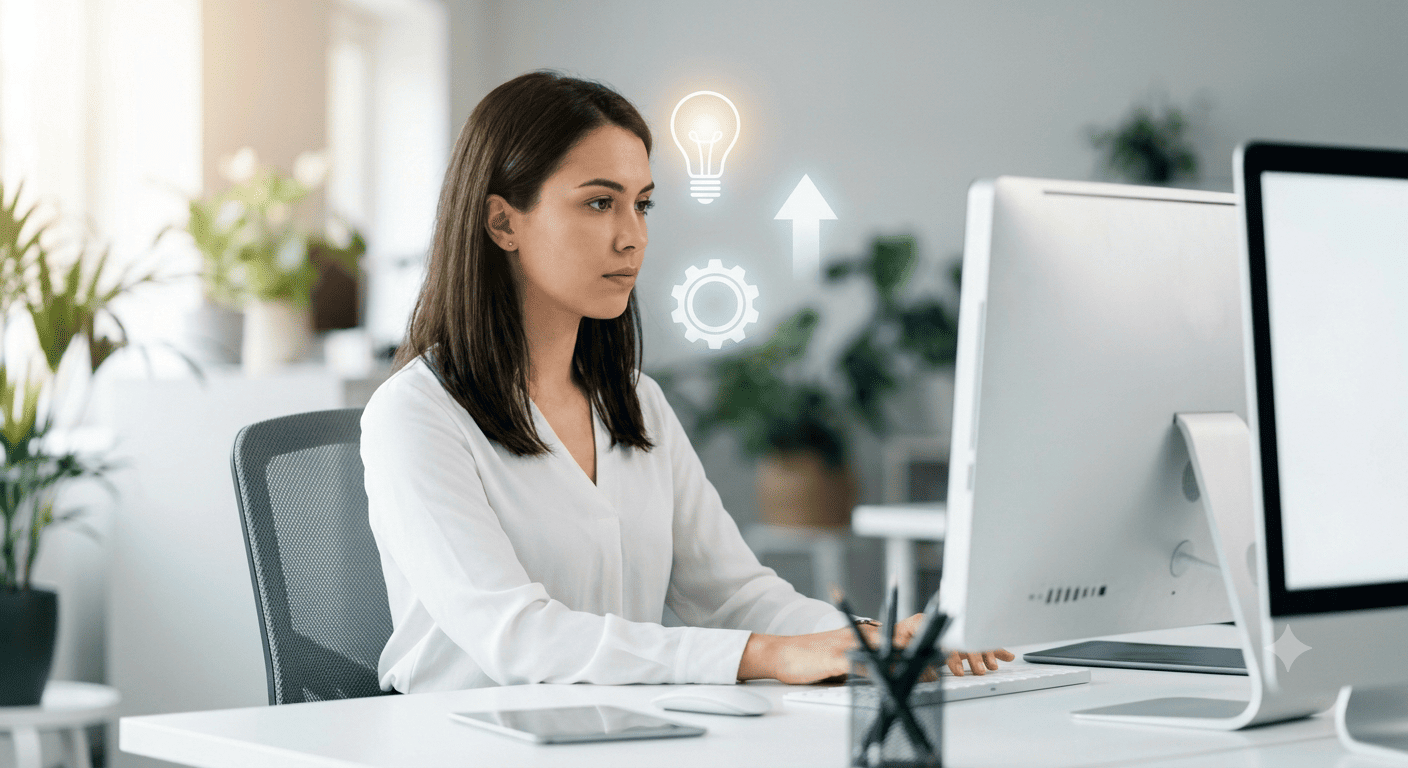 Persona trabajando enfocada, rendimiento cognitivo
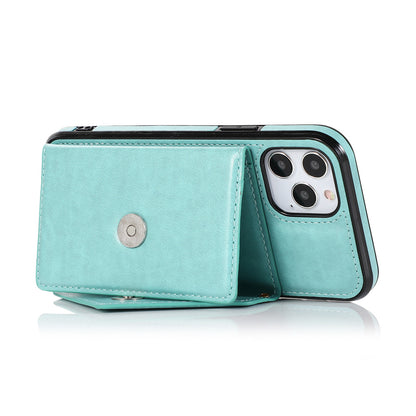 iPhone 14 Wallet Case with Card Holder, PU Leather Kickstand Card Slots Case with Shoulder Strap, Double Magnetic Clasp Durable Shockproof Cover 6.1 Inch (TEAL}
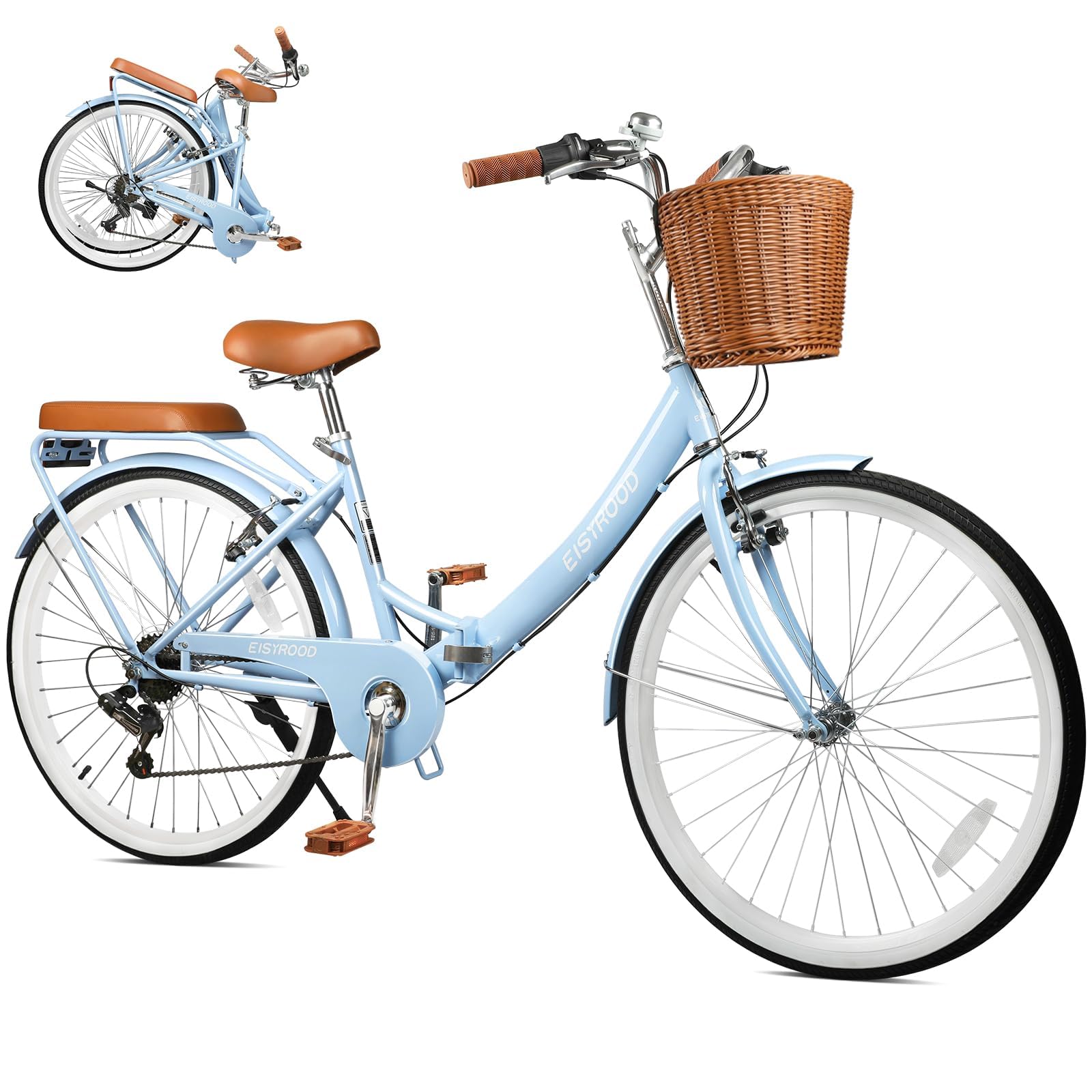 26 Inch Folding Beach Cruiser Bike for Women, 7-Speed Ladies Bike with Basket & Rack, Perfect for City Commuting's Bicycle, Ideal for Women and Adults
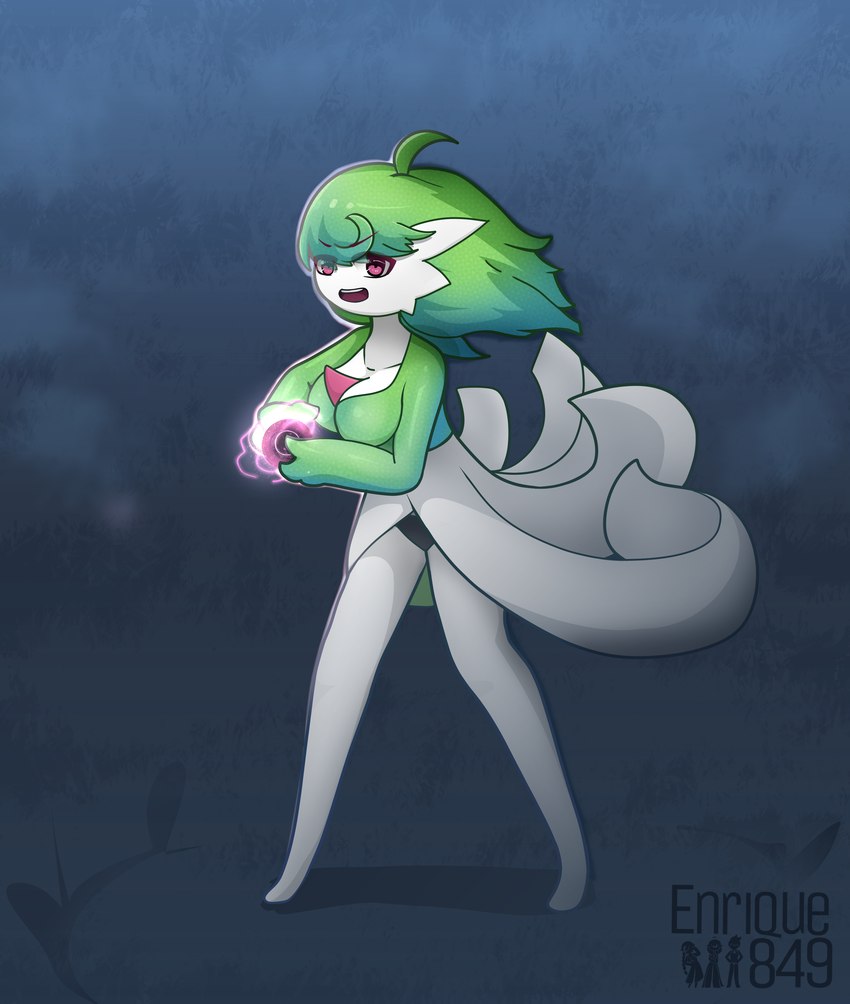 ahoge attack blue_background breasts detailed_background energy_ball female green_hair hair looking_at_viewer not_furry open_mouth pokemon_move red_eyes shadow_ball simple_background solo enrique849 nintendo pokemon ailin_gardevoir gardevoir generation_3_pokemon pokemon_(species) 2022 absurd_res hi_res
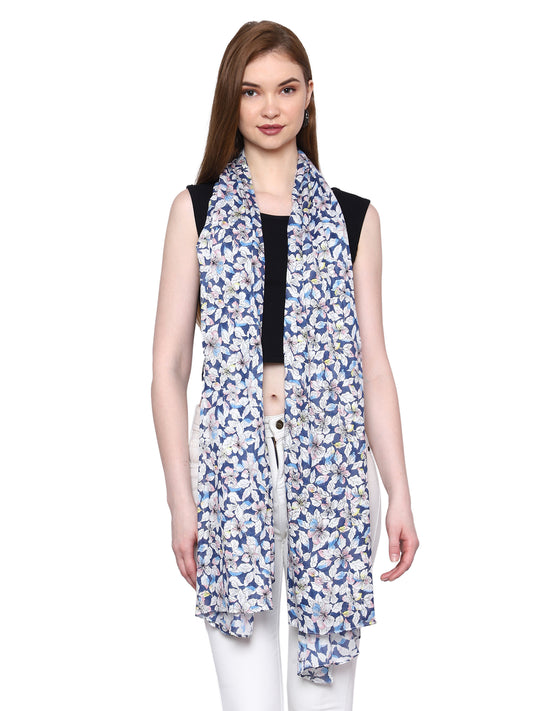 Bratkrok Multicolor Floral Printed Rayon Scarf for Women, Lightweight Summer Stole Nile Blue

• • • • • • •

▶ [Task details] Repeat the records above exactly, from the first line through the line containing "26 Inch Folding", and leave out the pictures.

▶ [Written solution]
 Persona trabajando enfocada, rendimiento cognitivo
 iPhone 14 Wallet Case with Card Holder, PU Leather Kickstand Card Slots Case with Shoulder Strap, Double Magnetic Clasp Durable Shockproof Cover 6.1 Inch (TEAL}
 26 Inch Folding Beach Cruiser Bike for Women, 7-Speed Ladies Bike with Basket & Rack, Perfect for City Commuting's Bicycle, Ideal for Women and Adults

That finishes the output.